Chris Christie and Sean Penn Honored at Jewish Values Gala
The Second Annual Champions of Jewish Values International Awards Gala at Cipriani 42nd Street boasted enough names to fuel half a dozen galas.
Dubbing the roster of guests “A motley collection of distinguished opposites,” Champions founder Rabbi Shmuley Boteach led off with N.J. Governor Chris Christie, Texas Governor Rick Perry (who shared a table with Marion and Elie Wiesel), Sheldon and Miriam Adelson, actor Sean Penn, “famous philanthropist and atheist Michael Steinhardt who created the single largest Jewish educational program in modern Jewish history,” Israel’s ambassador Ron Dermer and Alan Dershowitz.
An energized Boteach continued: “Our organization is dedicated to the proposition [of] spreading of Jewish values…. I will never judge a man by how he votes and will always overlook verbal gaffes because in Judaism the highest value of all is action….”
Photo:Karen Leon
Penn, recipient of the Jewish Justice Award for his indefatigable effort to rescue Jacob Ostreicher, an Orthodox Jew who had been imprisoned in Bolivia (and who was present as Penn’s award presenter), said: “Why I helped Jacob…. My father’s family is Jewish [and I have] Italian Irish-Lithuanian roots.

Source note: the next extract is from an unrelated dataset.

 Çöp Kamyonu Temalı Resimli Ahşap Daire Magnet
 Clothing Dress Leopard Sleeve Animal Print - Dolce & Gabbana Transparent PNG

I can never run for political office because I have one face.” Penn, whose humanitarian rescue efforts in the aftermath of the January 2010 earthquake in Haiti earned him the 2012 Peace Summit Award, came out strongly against anti-Semitism and said: “There has never been a suicide bomber who believed there could be a better tomorrow…. I will be a subject of cynics…. I accept this [but]… I encourage movement.”
Honoree and panelist Steinhardt lamented “the deterioration of Jews in America” not only because of intermarriage, etc.—but that “the organized community is late in recognizing the changes and diminution in the non-orthodox Diaspora where it is Jewish values not Judaic values that are the mark of continuity.”
At the mic, Christie told the more than 600 guests “I came for two reasons…one of which is because Shmuley asked me and if I said ‘no’, I’d never hear the end of it.” He then laced into “the vacuum left by America and [its] dysfunctional government…,” noting, “the values we celebrate tonight are not easy to stand up for, but it is our obligation to do so.”
Gov. Perry, recalling his visit to Yad Vashem, touted “”Birthright and the Adelsons…who help maintain the Jewish State as the light of freedom, democracy and human rights in a region where all too often there is darkness… Israel has the right to exist as a Jewish State.”
Somali-born women’s rights activist Ayaan Hirsi Ali (who had been disinvited as a commencement speaker at Brandeis University) addressed honor killings focusing on the plight of the young couple in Afghanistan.